Kaylah White, 6, a kindergartner at Suder Elementary shows off her writing skills. She has been writing her name since before kindergarten. (Staff Photo: Johnny Jackson)
JONESBORO — Kaylah White battled sleep as she told about her trip to see the alligators.
“They have sharp things on their backs,” declared the 6-year-old.
White is a kindergartner at Suder Elementary, and she had just returned with her class from a field trip to Noah’s Ark Animal Rehabilitation Center in Locust Grove.
The nonprofit animal sanctuary is an inexpensive chance for children to actively learn about wildlife and nature, said Kathy Pate, the school’s kindergarten chair and one of the field trip supervisors.
Pate spoke about the trip as an opportunity parents have to engage their children in the learning process. That engagement, she said, is something parents should be doing with their children at birth.
She emphasized the parents’ role in preface to Clayton County Public Schools’ upcoming kindergarten registration event May 12-16. The event takes place at each elementary school daily, from 8 a.m. until 11:30 a.m., and between 1 p.m. and 3 p.m.
Suder Elementary was abuzz Thursday closing out a day of standardized testing with after-school activities — children participating in the Campus Kids program, preschoolers making conversation as they waited in the hall, teachers gathering for a meeting in the commons area and students watering the courtyard garden.
Kaylah White sat in a room drawing with her mother Yolanda White, who is also a fourth-grade teacher at the school.
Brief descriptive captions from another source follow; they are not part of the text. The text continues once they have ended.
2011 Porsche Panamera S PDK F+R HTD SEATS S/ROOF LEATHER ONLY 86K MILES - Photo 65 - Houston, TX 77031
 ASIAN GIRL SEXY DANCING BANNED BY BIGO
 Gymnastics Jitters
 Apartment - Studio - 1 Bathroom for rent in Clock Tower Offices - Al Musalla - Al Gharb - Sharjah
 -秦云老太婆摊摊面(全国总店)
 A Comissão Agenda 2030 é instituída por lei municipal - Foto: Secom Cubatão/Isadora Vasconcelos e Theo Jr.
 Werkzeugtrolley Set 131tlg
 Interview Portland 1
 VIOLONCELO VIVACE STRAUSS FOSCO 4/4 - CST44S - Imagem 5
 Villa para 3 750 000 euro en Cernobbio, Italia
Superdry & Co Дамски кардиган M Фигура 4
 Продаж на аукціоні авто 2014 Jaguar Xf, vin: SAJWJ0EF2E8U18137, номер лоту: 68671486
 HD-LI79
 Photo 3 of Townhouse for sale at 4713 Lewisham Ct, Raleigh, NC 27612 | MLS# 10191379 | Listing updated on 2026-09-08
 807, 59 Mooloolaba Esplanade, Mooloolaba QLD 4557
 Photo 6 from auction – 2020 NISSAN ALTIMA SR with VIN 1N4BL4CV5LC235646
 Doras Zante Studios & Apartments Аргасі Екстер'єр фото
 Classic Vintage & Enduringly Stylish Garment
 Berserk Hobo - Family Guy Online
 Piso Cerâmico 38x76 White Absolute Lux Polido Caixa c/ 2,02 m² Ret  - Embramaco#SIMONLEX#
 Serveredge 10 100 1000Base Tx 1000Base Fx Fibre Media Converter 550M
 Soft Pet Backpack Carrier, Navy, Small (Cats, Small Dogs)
The youngster — who routinely asked, even at 6, what careers most interest her — said Thursday she wants to be a police officer when she grows up.
“She’s changed it four times this year,” said her mother. Her daughter’s list of career options has grown quickly from being a teacher or doctor.
Pate said that sort of engagement is vital for students to develop the type of confidence that will inspire them in the classroom.
She offered more advice for parents with young children, particularly those who will be registering their would-be kindergartners in May.
Parents should provide enriching experiences consistently to children by talking to them and asking them questions about the world around them, she said.
“Inconsistencies definitely have a long-term negative affect,” said Pate. “It’s very helpful if parents have been reading to children on a daily basis. And have them express themselves with crayons, pencils and paints — something other than a remote control.”
Pate said she had her children write in journals when they were smaller to help build their self-confidence and increase the likelihood they would want to participate in activities at school.
“Celebrate your children’s accomplishments and make them feel important,” she said. “I don’t know if parents listen enough to their children.”
Pate said parents should be ready to be regularly involved and take ownership of their children’s education. She said children need to see that their parents value education and see it as a priority.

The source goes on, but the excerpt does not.